## WHAT YOU NEED TO DO
Could you print the stretch of lines below from the one with "Mozart - Symphonies 36 & 40" through the one with "Teebaum-Pastillen BIO>Taoasis", exactly as they stand and without any pictures?

## RECORDS FOR THE TASK
%%
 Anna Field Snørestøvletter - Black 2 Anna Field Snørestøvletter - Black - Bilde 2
%%
%%
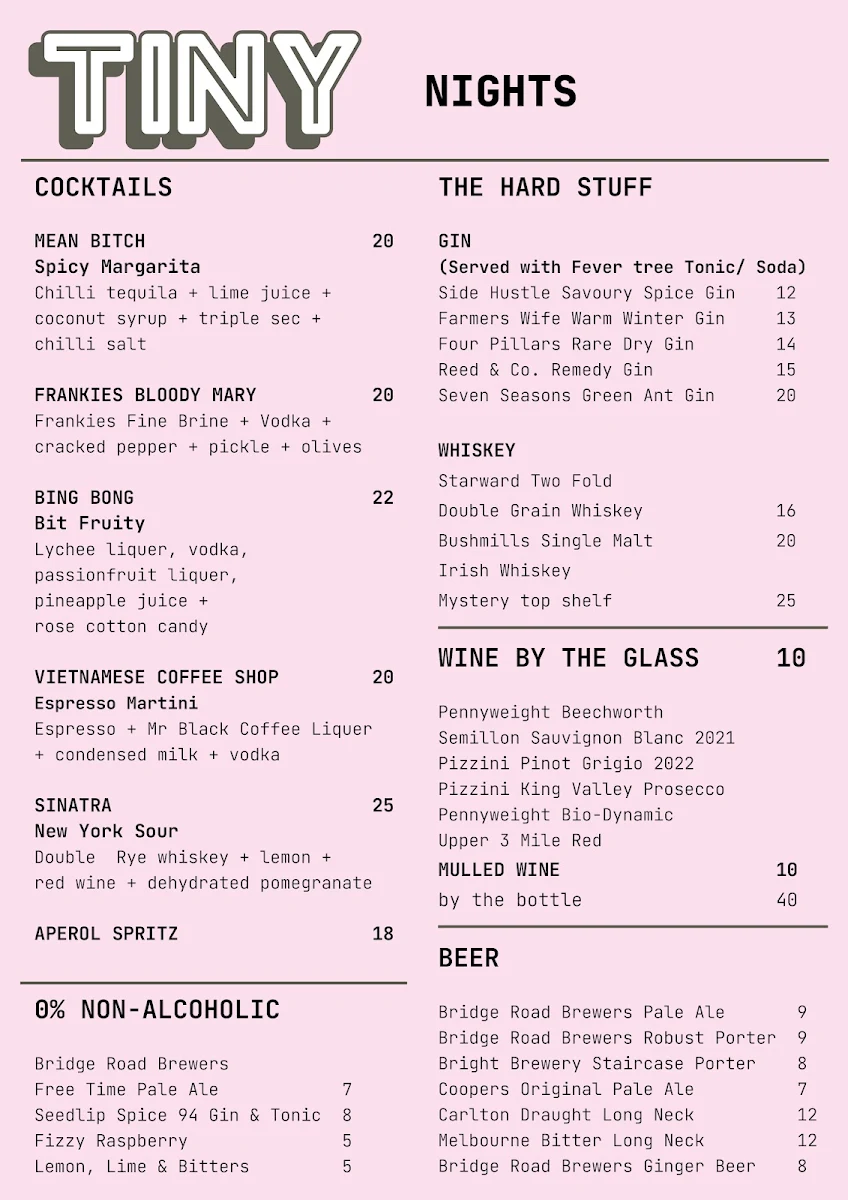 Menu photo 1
%%
%%
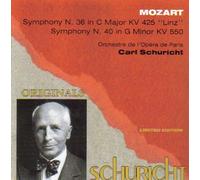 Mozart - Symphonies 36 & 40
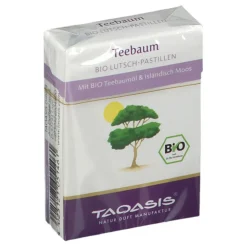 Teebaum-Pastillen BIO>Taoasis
%%
## SOLUTION
 Mozart - Symphonies 36 & 40
 Teebaum-Pastillen BIO>Taoasis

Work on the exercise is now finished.